What interests me about both these positions is that on the surface they look so logical, but in their consequences they look totally at odds with the way human beings really live -- around the globe and over the ages. What's more, it is easy to think you have found the flaw in the argument and then go astray in another direction.

Both the Catholic and the "evolutionary psychological" positions rest on the premise that the purpose of sex is reproduction. From that, all the rest follows. If you want to reject those conclusions, the easiest way is to reject teleology and say "There are no purposes! Go do what you want!" But you know by now that I consider teleology to be a basic fact about living beings, so that too is an error.

What then?

If an argument leads to results which look absurd, but all the steps of the argument are logical, the error is probably in its premises. As noted, the premise behind both the Catholic and the "evolutionary psychological" teachings is this: Reproduction is the purpose of sex. But where is the error? If we concede that there are purposes in Nature, how can this premise possibly be false? Isn't that how we get children, through sex? Isn't it the only possible way to create new children?
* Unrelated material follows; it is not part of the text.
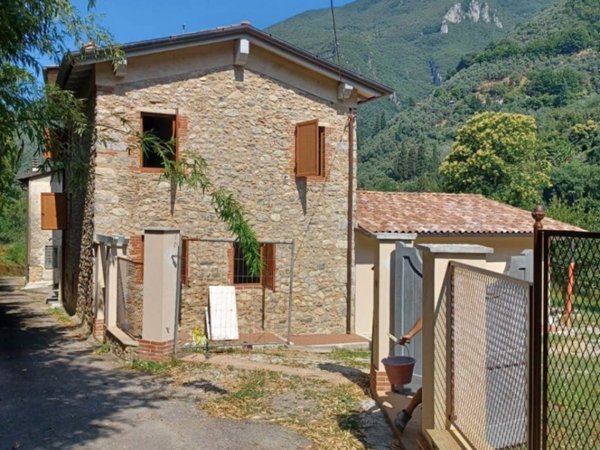 casa indipendente in vendita a Camaiore in zona Vado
Of course it is. And while I do affirm there is an error in that sentence, it's subtle. Only one word is wrong, and that word is not "reproduction." Its "the."

The point is that this premise ("Reproduction is the purpose of sex") itself relies on an earlier, hidden premise which states, "A thing can have only one purpose." But where is the evidence for that? How would you ever go about proving it? Can you prove it?

Presumably the argument would start by conceding that a thing can be used in lots of different ways, but would insist that only one of them is the true natural end or goal or purpose. A car can be used to get money (by selling it) or to impress your neighbor (by polishing it ostentatiously and parking it where he has to see it); but its natural purpose is to drive. And as far as it goes, the analogy sounds plausible. Does it work the same way in Nature? You could argue that I can use the hair on top of my head to make a political or fashion statement depending on how I wear it, but its natural purpose is to keep my head warm. Maybe the rest of Nature is like that too.

Only it's not. I can formally disprove the allegation that everything has only one purpose, as follows:
Lemma: It is possible for a thing to have more than one natural purpose.  
Proof: For the sake of an example, consider the penis. What is its natural function: elimination of waste, or reproduction of the species? Both are essential to survival. Neither one can possibly be considered an incidental, side use. Neither one can be considered an abuse. Both purposes are absolutely fundamental. But they are different. Therefore it is possible for a thing to have more than one natural purpose. QED.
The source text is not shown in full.